Read the Vanity Fair article and find out by clicking HERE.


Anonymous said...

Nice tracks! Thanks! I've seen Dylan perform several times and he's always different every time.

Anonymous said...

as a design nerd, i especially appreciate the milton glaser homage and joke in that article.

(good songs too . . . *cough*)

Anonymous said...

Just last night I was viewing the 3 video series on the making of the Travelling Wilbury's album. Most of the songs were recorded in a small studio or even the kitchen at Dylan's mountain retreat above LA, apparently. What struck me was that, although Dylan is considered THE poet, the other artists (dylan, petty, lynne, harrison) were mostly in awe of Roy Orbison. Petty made the comment that he got Roy Orbison's autograph every day.

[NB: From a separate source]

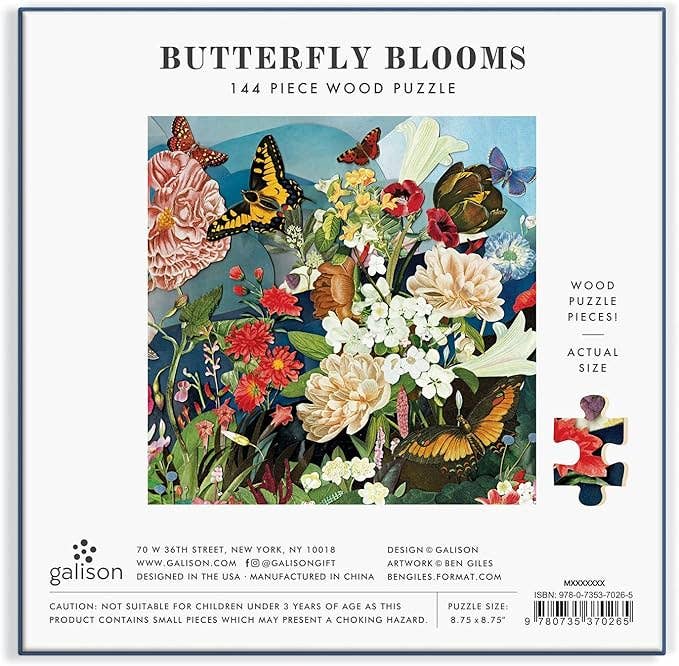 Butterfly Blooms 144 Piece Wood Puzzle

The vids are worth watching.

Bob Rini said...

Roy Orbison was the man. Dylan said he was an opera singer, how he could hit those notes. I always thought he had so much sorrow in his life -- the tragic death of his family -- that it came through in his music. "Only the Lonely," for example, and "Crying." I think he was a rather plain looking fellow, kind of like a cheesecake with shades on, but if he'd been more handsome he could've been bigger than Elvis.
I have not seen the 3 video set, but I'd love to see it. That was sure a super group! For a long time the records and CDs were out of print, but then the box came out -- were the videos part of that box set? Thanks for the comments, Brian.
Carlos -- glad you noticed the Milton Glaser design -- believe it or not, that iconic image actually came as a poster in a Dylan album. I think it was the first greatest hits compilation, way back when. As Uncle Miltie would say, "Art is work." Get busy!

Anonymous said...

Bob, either get the link in my Traveling Wilburys post or go to Youtube and search traveling wilburys part 1...etc. You'll see them. BTW, the first and maybe the best version of I Shall Be Released was by Joan Baez...I think it was on the Joan album.

Bob Rini said...

Thanks for the tip, Brian. I'll check it out! Yup, the Joan Baez version of "I Shall Be Released" is nice. I still love the spare version with Dylan and Happy Traum singing harmony on Greatest Hits, Vol. 2.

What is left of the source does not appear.